I began this essay with a paradox, and I want to end with one that, to me, seems even more striking – the central paradox of Snow’s life. The more we examine the cultural and political background to the cholera years, the more we grasp the fear and panic, the hatred and division, this disease provoked, the more we can (if we are so minded) appreciate Snow’s courage, dedication and clear, independent thinking. He demonstrated, in ways that retrospectively seem compelling and original, the connection between cholera and contaminated water. In doing so, we may think, he should also have publicly validated new notions of scientific medicine, specific disease causation, and the importance of public health reform rooted in epidemiology, and changed the course of medical history. But he did not.

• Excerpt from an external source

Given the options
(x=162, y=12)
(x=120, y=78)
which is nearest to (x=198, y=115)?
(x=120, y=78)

In one sense, the problem of cholera in the nineteenth century was an epidemiological and pathological puzzle, to be solved – as Snow tried to solve it – with shoe leather, statistics and flashes of clinical insight. But it was also far more than this. The problem of cholera was the problem of free trade and the fate of liberalism. It was the problem of governing industrial capitalism, and living in industrial cities. It was the problem of maintaining imperial control and global military and naval power. It was the problem of the origin and nature of poverty. It was the problem of the proper roles for science and medicine in government and public life. In this larger, political sense, Snow did not solve the problem of cholera. It is ironic, and telling, that many of these problems were solved not by physicians wielding microscopes and germ theories, but by lawyers, administrators and engineers who thought that cholera blew on the wind.